Sir Syed Ahmed Khan, back in 20th-Century, tried to model his magazines and newspapers on the lines of ‘The Tatler’ and ‘The Spectator'( Magazines). Many contemporary Urdu writers were inspired by its style and content. Besides, it also exerted a lot of influence on Urdu humorists. Mehfooz Ali Badayuni was one of them.
It is often said that the British have a sense of humour based on understatement, irony and sarcasm. But Urdu literature is known for overstatement and hyperbole. Urdu humour is not an exception. In fact, in the beginning, Urdu’s humour was largely coarse and some of the writings of Jafer Zatalli, the poet and prose writer credited with pioneering humour in Urdu, are boorish and others downright vulgar.
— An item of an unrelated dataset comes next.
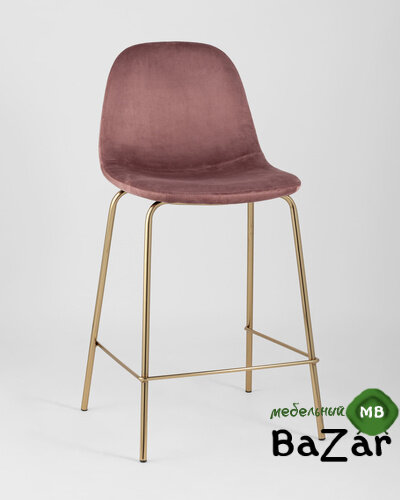 Стул полубарный Валенсия велюр розовый золотые ножки
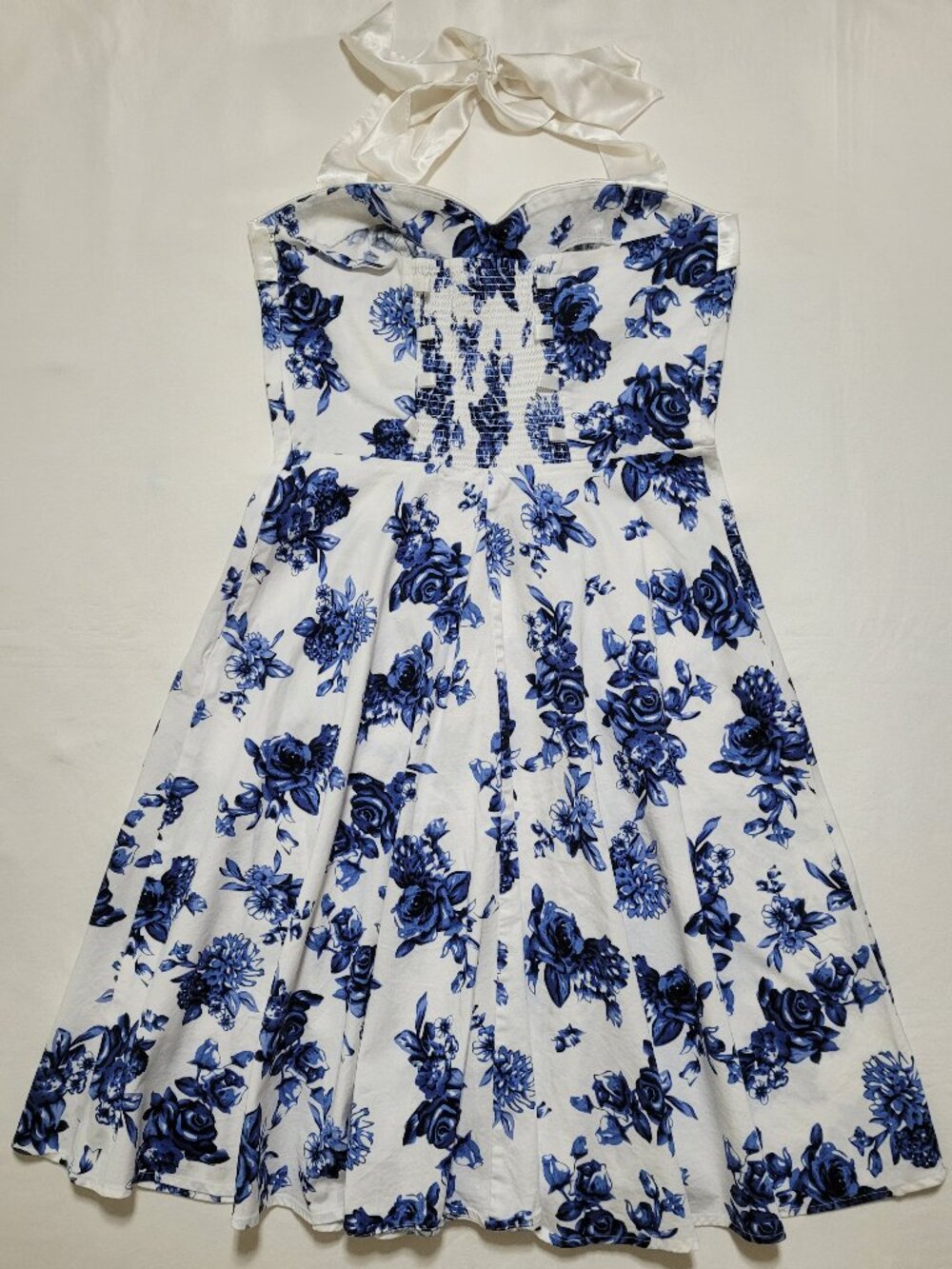 Dressystar Floral Halter Rockabilly Swing Dress Blue White Medium 50s Retro - Picture 3 of 10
Later, Oudh Punch, a humour magazine launched from Lucknow in 1877, did raise the standard quite a bit but was at times pejorative and a far cry from the subtleties of English humour. In those days too, much of Urdu humour consisted of hyperbole or situational comedy.
Mehfooz Ali Badayuni was one such humorist in whose writings one can find humour in all seriousness. Yes, humour is a business all too serious. Satirising the government may have grave repercussions: Jafer Zatalli was put to death for composing a couplet spoofing Farrukhsiyar, the then-ruler. Zafar Ali Khan was banished from Hyderabad (Deccan) for writing ‘Walker Nama’, a poem lampooning the state revenue secretary Mr Walker. Ibrahim Jalees was imprisoned for mocking the infamous Public Safety Ordinance. Criticising society has its fallout. But sagacious humorists criticise society and yet society laughs with them.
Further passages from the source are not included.